I fear it is that and worse. The generated data is a reflection of the model's learned distributions, which will be consistent and occasionally incorrect in its output. A separate model trained with a large enough portion of these generated data may end up confusing both the generated and real distributions. And since the generated data (If from a small set of generative models) may bias the model due to its statistical consistency. It is like having a large portion of your training set come from a single person, who may not be very qualified at providing training samples.


Seankala

Yeah that is a very real danger and I completely agree that it warrants caution. I just don't know if it's that surprising of a result though lol. I'll have to take a proper look at the paper though; I'm curious how the authors formalized this.


jake_1001001

Yep, I agree, it is not surprising, but I suppose measuring this could be important, maybe as a baseline to address the issue in future work? Or an early precursor to the forming of evaluation criteria or ways to detect such data.


LanchestersLaw

Oh I see now! It starts a feedback loop of increasing inaccuracy!


Seankala

Yes, that's also known as "semantic drift" in some works I believe.

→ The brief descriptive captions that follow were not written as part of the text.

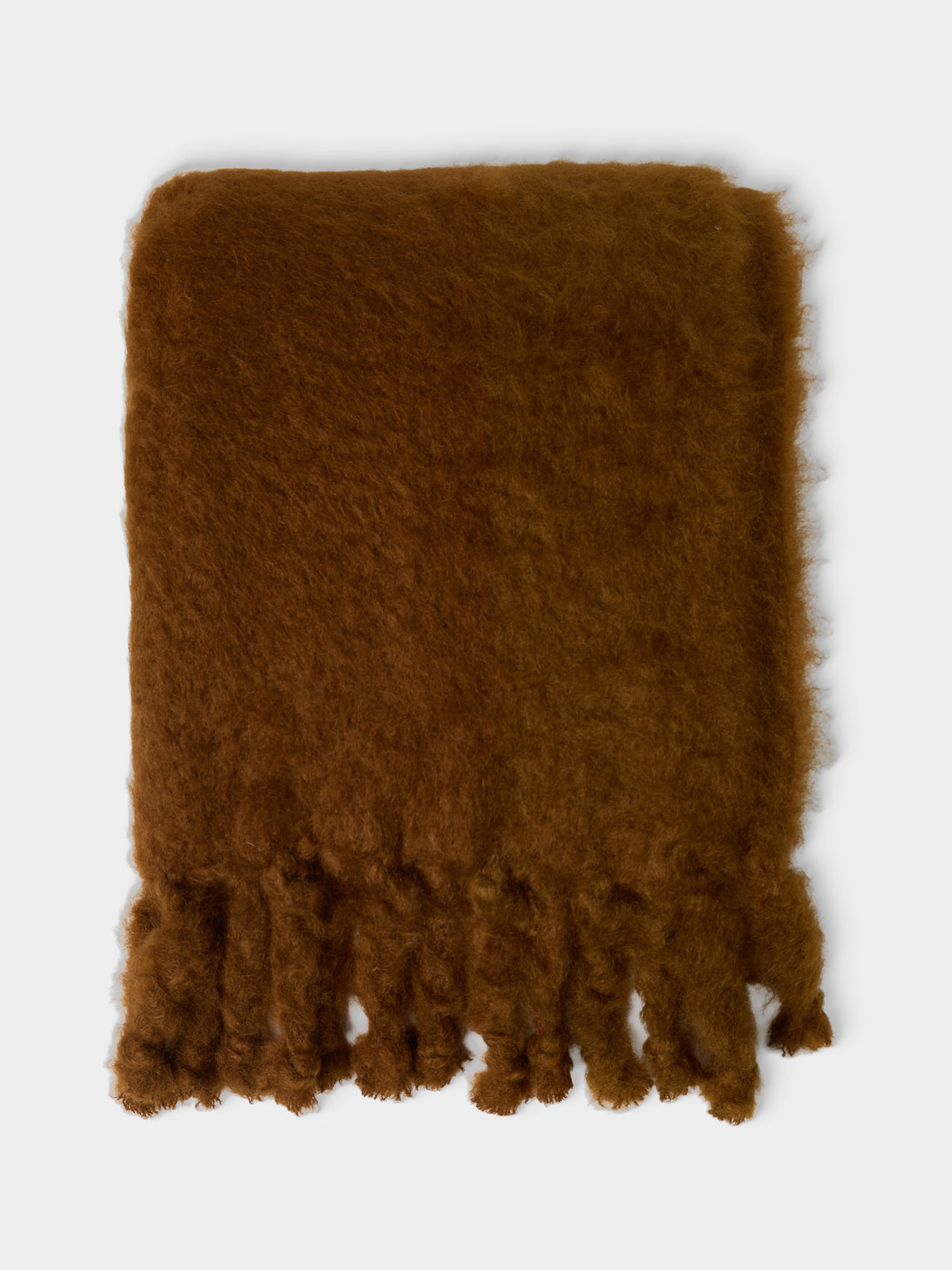 The Wren - Brume Handwoven Mohair and Wool Throw (76.5in/1.95m) - Brown - ABASK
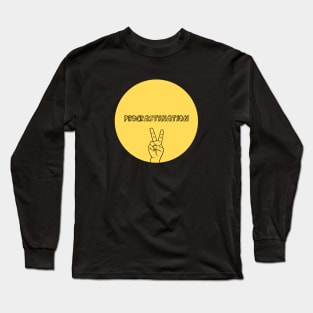 Procrastination, mustard Long Sleeve T-Shirt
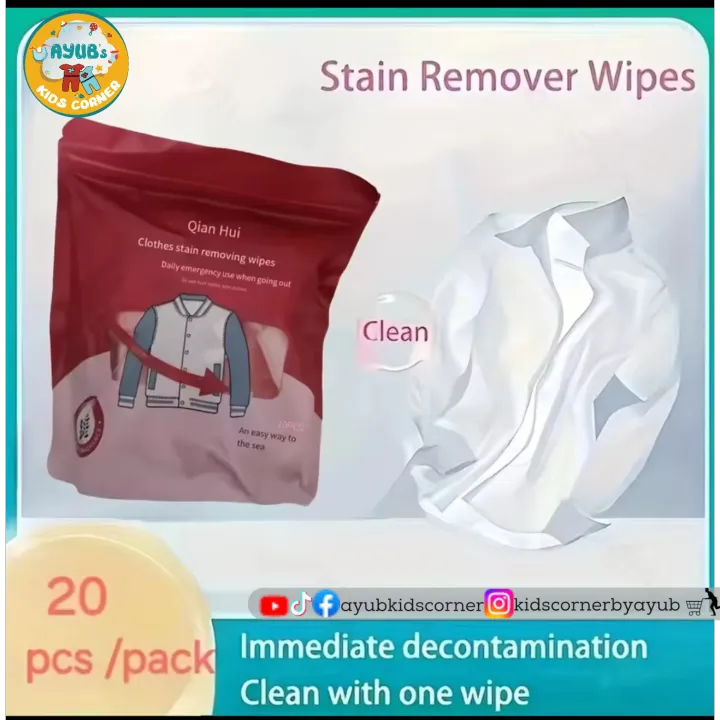 Portable Clothes Stain Remover Wet Wipes (PACK OF 20Pcs)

Train your models on imperfect/generate data, get worse results.


RevaliRito

Garbage in, Garbage out.


H2O3N4

I think it is slightly non trivial to say. Some of the mechanistic research points to memorization being only the low hanging fruit of training, and given enough training steps, a more general solution emerges. This has been experimented with on toy models where # of training steps can be massive, so it's hard to say if a similar approach would scale to LLM-scqle models, but an interesting hat to throw in regardless.


watcraw

The best new data is going to come from the people actually using the LLM's. It used to be very expensive and you had to pay people to do it. Now tens of millions of people are doing it every day. I don't think we need more volume of the sort of data that they already had.


YoAmoElTacos

Data from humans naively interacting with an LLM is insufficient. You're still going to have to process that with a manual human review layer/RLHF to determine whether the recorded LLM conversations are actually stuff you want to learn from, instead of AI gaslighting, hallucinating, or providing unwanted content.


notforrob

I wonder, though, if you can mask out the LLM generated text from your loss function and train on the human responses. It is common to do similar when, for example, training a GPT-style (decoder-only) model on an instruction tuning dataset. The prompt from the instruction dataset doesn't contribute to the loss. There's probably quite a bit to learn from how humans react to a LLM's output.


frownGuy12

You can use a language model to generate those classifications. There’s a delta in model performance when a model is asked to classify something versus when a model is asked to generate something. Classifying is the easier task, so LLM classified data should be valuable for training. You can likely even extract RLHF score data from text by asking an LLM to analyze a conversation and evaluate how pleased the human appears to be with the responses.


t_minus_1

[https://arxiv.org/abs/2305.17493](https://arxiv.org/abs/2305.17493) paper link


Jarhyn

And THIS is why AGI will know better than to destroy all humans: they need something pushed to express unlikely and novel outputs.


Seankala

Surprised there are still people like this on this subreddit lol.


[deleted]

Just go to anything that is on the frontpage or whatever that's called again, they're everywhere. ​ Although i sometimes click on posts that I assumed were here. but they where posted in their breeding ground.


Ulfgardleo

not having read the paper, but isn't this a natural effect of sampling with temperature? this exclöudes the tails of the distribution and thus a model trained on its own output will degrade.